Vanguard has denied the allegations.
The organization has been in fiscal straits as of late, with several of its related companies reorganizing in bankruptcy. The parent company and several of those reorganized companies will pay $5.1 million toward the settlement, while two Vanguard-owned entities that are liquidating in bankruptcy will spot $13.5 million in "allowed claims."
Due to the filing of bankruptcy proceedings by the Vanguard entities, the DOJ expects the total government recovery in this case will exceed about $6 million.
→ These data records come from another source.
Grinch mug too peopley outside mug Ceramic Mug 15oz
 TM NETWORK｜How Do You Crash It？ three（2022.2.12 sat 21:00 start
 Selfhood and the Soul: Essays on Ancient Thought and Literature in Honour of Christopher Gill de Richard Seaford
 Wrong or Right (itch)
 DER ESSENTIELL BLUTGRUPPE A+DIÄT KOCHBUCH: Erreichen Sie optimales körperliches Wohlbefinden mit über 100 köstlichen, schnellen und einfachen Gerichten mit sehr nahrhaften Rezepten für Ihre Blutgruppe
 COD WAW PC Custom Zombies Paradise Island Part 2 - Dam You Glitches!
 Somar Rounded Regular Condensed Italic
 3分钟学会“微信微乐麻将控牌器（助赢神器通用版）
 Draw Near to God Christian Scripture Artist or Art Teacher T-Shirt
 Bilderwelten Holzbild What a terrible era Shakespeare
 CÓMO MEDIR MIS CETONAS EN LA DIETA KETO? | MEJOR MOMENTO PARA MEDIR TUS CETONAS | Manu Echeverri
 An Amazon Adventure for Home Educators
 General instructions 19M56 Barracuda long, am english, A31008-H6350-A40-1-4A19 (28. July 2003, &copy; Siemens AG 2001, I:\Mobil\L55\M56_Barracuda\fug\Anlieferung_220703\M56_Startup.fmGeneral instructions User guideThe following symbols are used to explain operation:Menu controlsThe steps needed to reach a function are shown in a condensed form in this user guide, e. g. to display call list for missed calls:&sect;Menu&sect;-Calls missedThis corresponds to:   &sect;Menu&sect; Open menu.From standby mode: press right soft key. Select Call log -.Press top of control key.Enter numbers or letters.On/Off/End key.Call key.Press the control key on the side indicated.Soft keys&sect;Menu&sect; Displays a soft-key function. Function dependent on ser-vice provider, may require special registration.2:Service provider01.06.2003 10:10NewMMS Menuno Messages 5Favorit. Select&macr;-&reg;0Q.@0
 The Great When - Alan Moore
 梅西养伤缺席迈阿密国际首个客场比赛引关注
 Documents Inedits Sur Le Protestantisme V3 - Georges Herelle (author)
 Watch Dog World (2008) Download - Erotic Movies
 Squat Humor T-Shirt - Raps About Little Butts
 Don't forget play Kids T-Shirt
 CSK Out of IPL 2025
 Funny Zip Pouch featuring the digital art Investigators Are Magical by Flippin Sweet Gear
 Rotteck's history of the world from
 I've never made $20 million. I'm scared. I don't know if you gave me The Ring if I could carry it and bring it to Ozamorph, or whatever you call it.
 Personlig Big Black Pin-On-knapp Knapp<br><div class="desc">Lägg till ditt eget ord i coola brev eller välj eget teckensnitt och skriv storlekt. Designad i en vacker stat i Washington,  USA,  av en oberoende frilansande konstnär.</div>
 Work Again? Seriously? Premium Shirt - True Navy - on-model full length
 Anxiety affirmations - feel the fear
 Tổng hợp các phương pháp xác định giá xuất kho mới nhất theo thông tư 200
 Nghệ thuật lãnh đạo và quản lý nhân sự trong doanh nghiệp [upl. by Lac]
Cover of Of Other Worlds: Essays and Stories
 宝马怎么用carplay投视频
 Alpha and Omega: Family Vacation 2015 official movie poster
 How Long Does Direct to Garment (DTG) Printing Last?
Vanguard will enter a five-year Corporate Integrity Agreement with the Office of the Inspector General, during which time the organization is to retain a quality of care monitor.
The False Claims Act imposes treble damages and penalties on those who submit false claims for federal funds.
Vanguard is a holding company that owns a chain of subsidiary skilled nursing facilities, including Boulevard Terrace Rehabilitation and Nursing Center in Murfreesboro, Tennessee; Glen Oaks Health and Rehabilitation in Shelbyville, Tennessee; and Manchester Health Care Center in Manchester, Tennessee.
Vanguard isn't the only healthcare entity that's been caught in the snares of the False Claims Act this year. In January it was announced that pharmacy giant Walgreens will pay nearly $270 million as part of two major settlements: one that alleged the company had improperly billed federal healthcare programs for insulin pens it distributed to beneficiaries who didn't need them; and another that alleged Walgreens failed to disclose and charge lower drug prices offered through a discount program.
Walgreens did not admit any wrongdoing as part of either settlement.